Quienes las usan muy bien son las empresas que trabajan con nuestros datos, que nos desagregan y recombinan para vendernos mejor. Las cinco grandes: Microsoft, Apple, Amazon, Facebook, Google-Alphabet, que en conjunto valen 3,2 billones. Sólo China se resiste a su alcance omnímodo. ¿Estamos otra vez ante un mundo bipolar?
Hay una suerte de regreso a la bipolaridad. La visita de Trump a China se pareció un poco a la conferencia de Yalta: dos personas reunidas decidiendo el destino del mundo. Pero no se trata sólo del Estado-nación. También están las empresas de Silicon Valley y está Wall Street, que se miran como dos perros en la misma jaula, para ver quién se queda con la comida del otro.
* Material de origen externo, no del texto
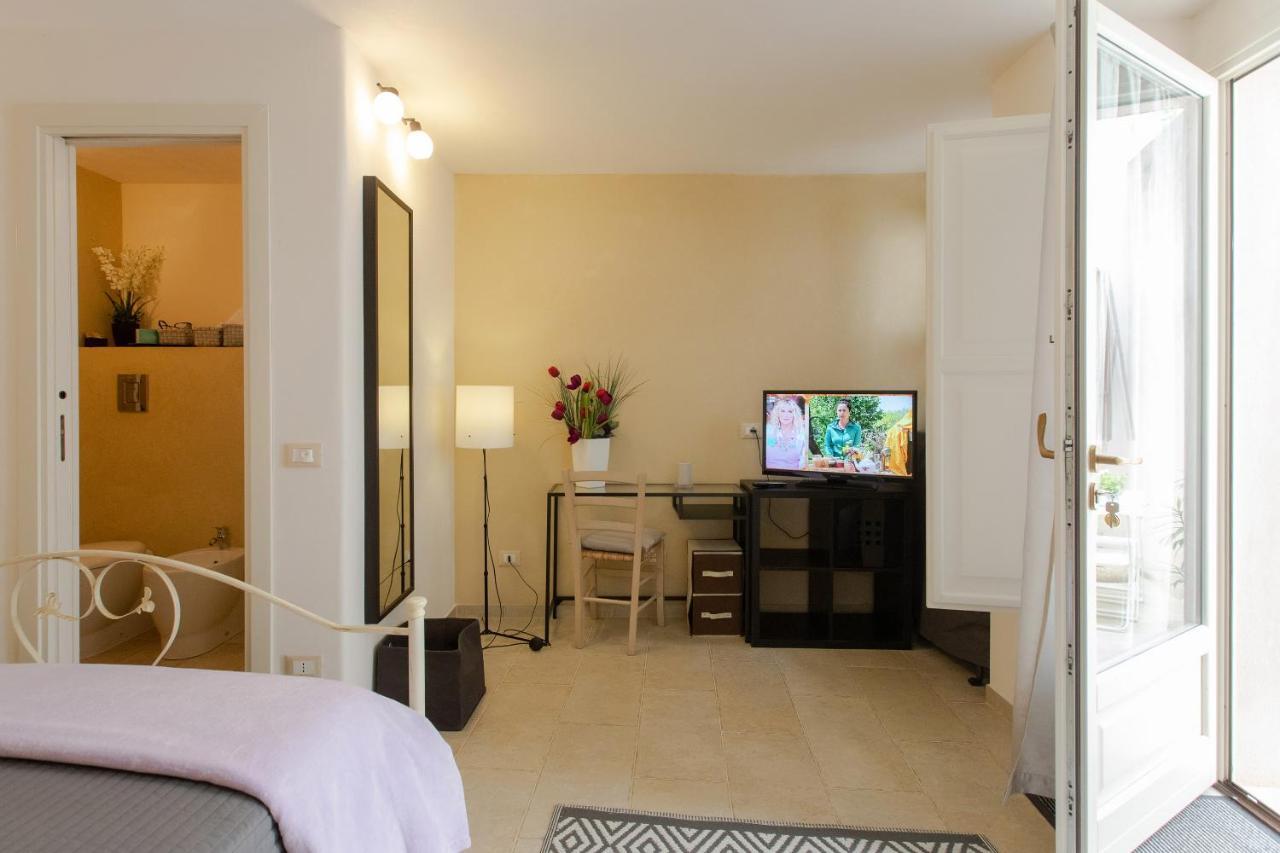 Deluxe Double Room with Extra Bed,1246480501:JPEG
Y hay otros jugadores globales. Está la plataforma Alí Baba y está la India, también, que tiene importantes actores en el mundo digital. Por ahora, se concentran en hacer software, pero tienen la expertise y el capital para convertirse en competidores.
¿También en relación con los datos? Esas cinco grandes empresas controlan buena parte del flujo de datos mundial: nos conocen mejor que nosotros mismos.
¿Me pregunta si tenemos algún motivo para ser optimistas en un mundo que parece encaminarse hacia una situación de vigilancia completa, seguida de manipulación y dominación en un orden inédito, más allá de la imaginación de Orwell o Huxley y otros escritores distópicos? Respondería dos cosas, basándome en la obra de otros autores, no en la mía directamente. La primera es, como sostienen colegas de la Universidad de Nueva York, que estas empresas están recolectando tantos datos que pueden no dar abasto para procesarlos. Muchos datos van a quedar crudos, sin utilizar. La segunda es el lado político de las redes sociales: el modo como facilitan la emergencia de nuevos actores colectivos. Lo vimos en la Primavera Árabe y en tantos otros casos. Son criaturas creadas por el sistema sin querer. De manera que, por un lado, tenemos la vigilancia y el marketing; por otro, la organización política. Es una suerte de antinomia kantiana que se mueve en un loop. Aquí, sin embargo, hay un costado deprimente: que el odio parece moverse más rápido que la solidaridad. ISIS recluta a una velocidad mayor que, por ejemplo, alguien que busca fondos para ayudar a chicos ciegos. En los estudios de periodismo y comunicación no hemos trabajado suficiente, todavía, para resolver esto. Pero más allá de los motivos, tenemos que ser optimistas de manera dogmática. Pensar en que algo podemos y debemos hacer.

¿Por qué lo entrevistamos?

Porque es uno de los grandes estudiosos de la globalización y su impacto en los imaginarios sociales de nuestra era.

Biografía

Arjun Appadurai nació en India, en 1949. Doctor por la Universidad de Chicago y profesor en la Universidad de Nueva York, escribió La modernidad desbordada. Dimensiones culturales de la globalización y Hacer negocios con palabras. El fracaso del lenguaje como clave para entender el capitalismo financiero.